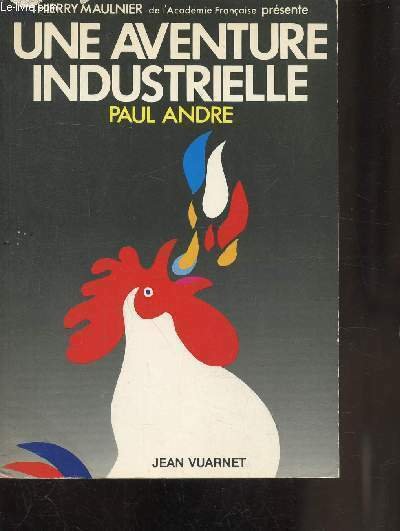 UNE AVENTURE INDUSTRIELLE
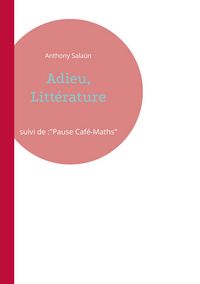 Produktbild: Adieu, Litt&eacute;rature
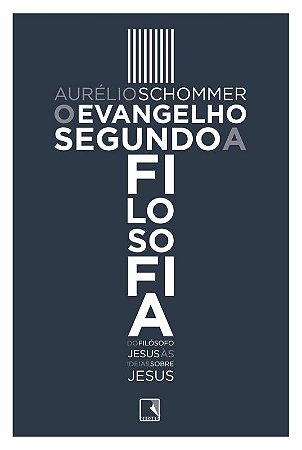 O evangelho segundo a filosofia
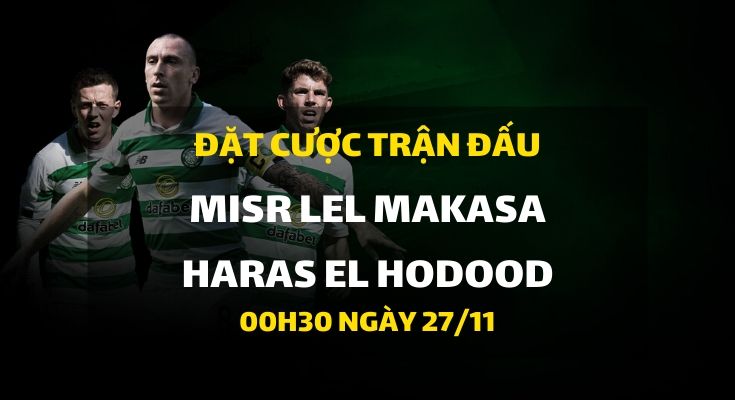 Misr Lel Makasa - Haras El Hodood (00h30 ngày 27/11)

********************

* To do: Omit the pictures and output all of the other material exactly.

* Output of the exercise:
 UNE AVENTURE INDUSTRIELLE
 Produktbild: Adieu, Litt&eacute;rature
 O evangelho segundo a filosofia
 Misr Lel Makasa - Haras El Hodood (00h30 ngày 27/11)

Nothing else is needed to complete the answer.